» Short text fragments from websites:
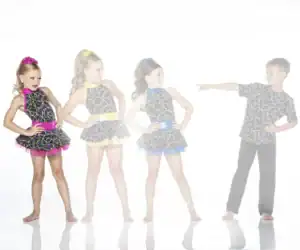 Four children in colorful dance costumes posing together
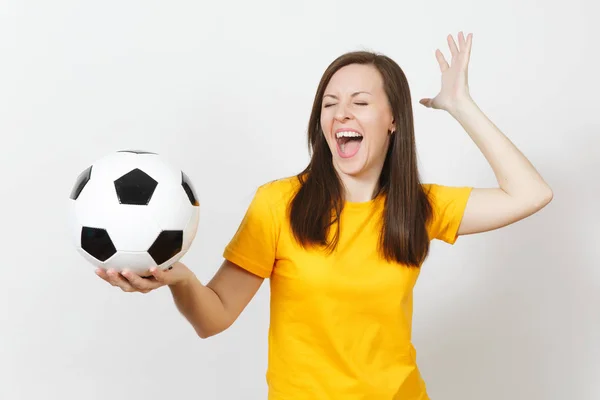 Hermosa joven europea alegre mujer feliz, fanático del fútbol o jugador en uniforme amarillo sosteniendo pelota de fútbol aislado sobre fondo blanco. Deporte, fútbol, salud, concepto de estilo de vida saludable . — Foto de Stock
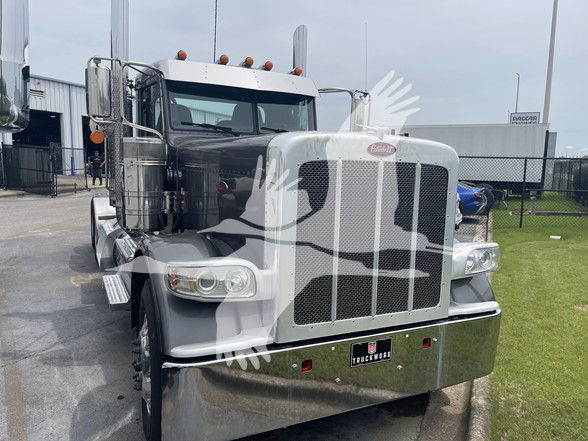 Peterbilt 389 truck front view showing chrome grille and bumper, dual large headlights, top cab lights, and side mirrors.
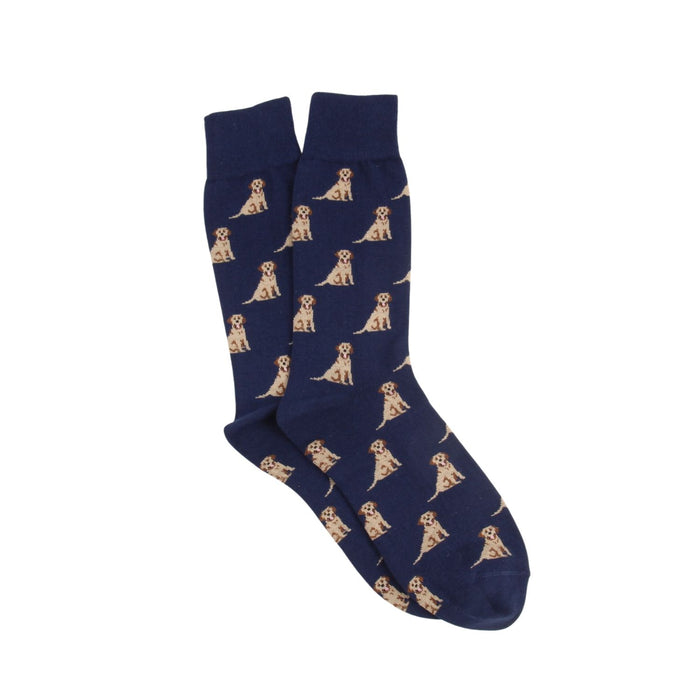 Navy blue socks with an all over  golden brown Labrador dog pattern photographed on a white background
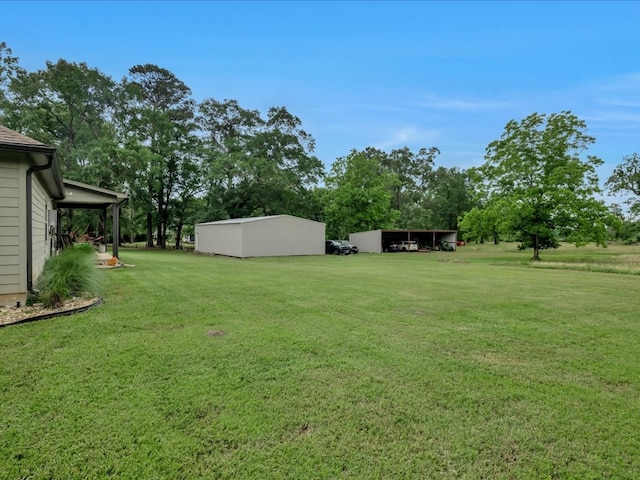 3274 Cc Rd, Diboll, TX 75941 - view of green lawn featuring a pole building, an outdoor structure, and a carport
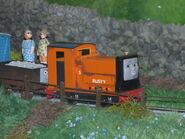 A small scale truck with a face behind a replica of Rusty at the Discover Thomas & Friends Exhibition
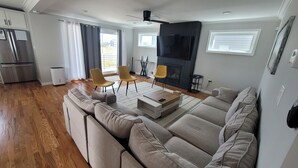 A modern living room with a sofa, chairs, a fireplace, and a kitchen area. - Near Everything, Seaside Hgts/Ortley Beach (Seaside Heights)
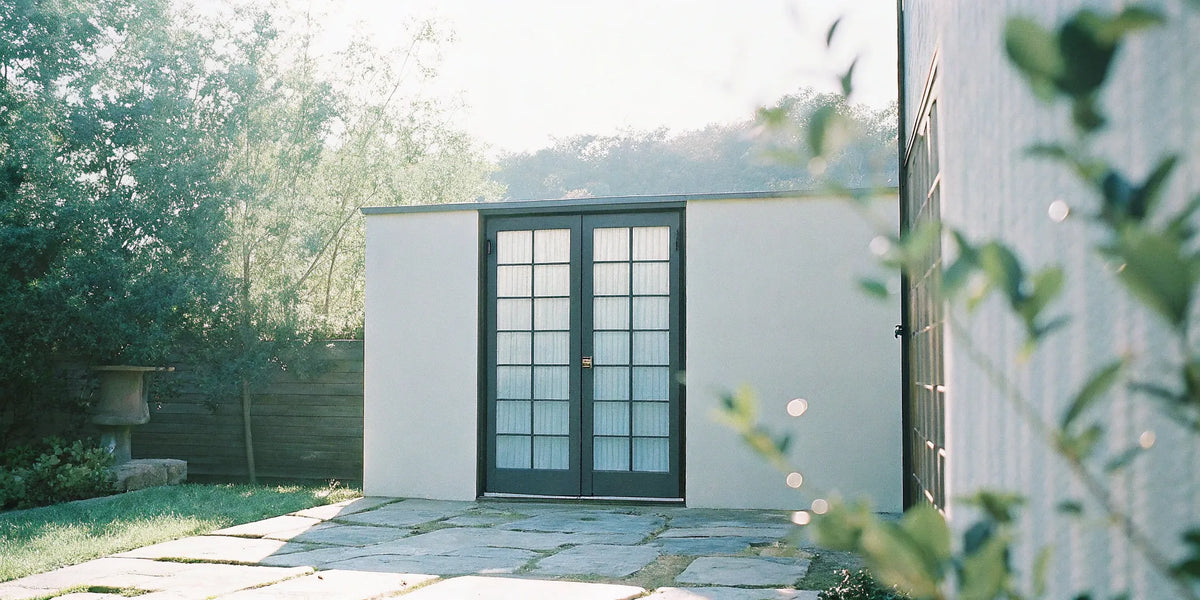 Black exterior French doors with built-in blinds opening onto a modern patio.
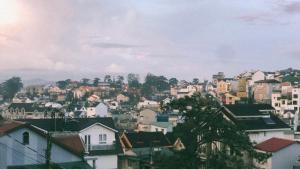 a view of a city with houses and buildings at Vườn Lan Homestay Nguyên Căn SĐT 0337-037-654 in Da Lat +15 photos
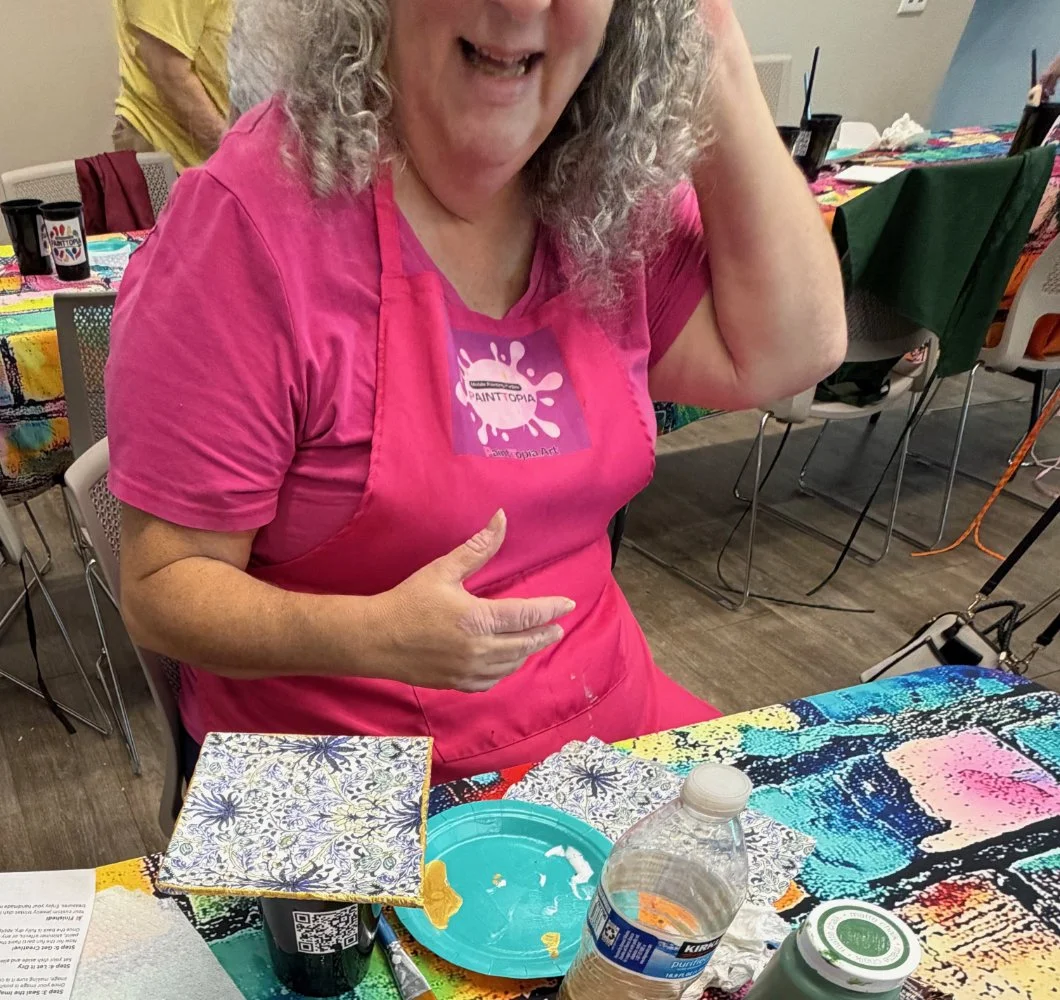 Woman sitting at a table wearing a pink apron with a paint splash design; table covered with colorful painted fabric, paint supplies, and a small plate; woman smiling and making a gesture with her hand; background shows chairs and another person in a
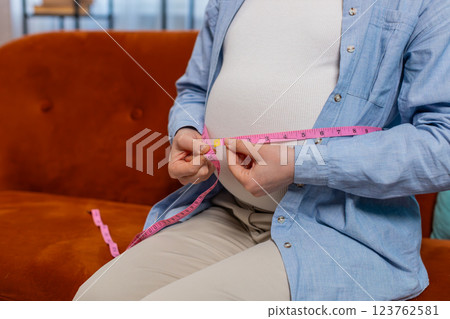 Pregnant woman measuring belly diameter with measure tape awaiting childbirth monitoring body change Pregnant woman measuring belly diameter with measure tape awaiting childbirth monitoring body change 123762581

» DIRECTIONS FOR THIS TASK: Leave the pictures out, and retype exactly the lines from the one containing "Woman sitting at" through the last line of the entries above, both included.

» RESPONSE AREA:
 Woman sitting at a table wearing a pink apron with a paint splash design; table covered with colorful painted fabric, paint supplies, and a small plate; woman smiling and making a gesture with her hand; background shows chairs and another person in a
 Pregnant woman measuring belly diameter with measure tape awaiting childbirth monitoring body change Pregnant woman measuring belly diameter with measure tape awaiting childbirth monitoring body change 123762581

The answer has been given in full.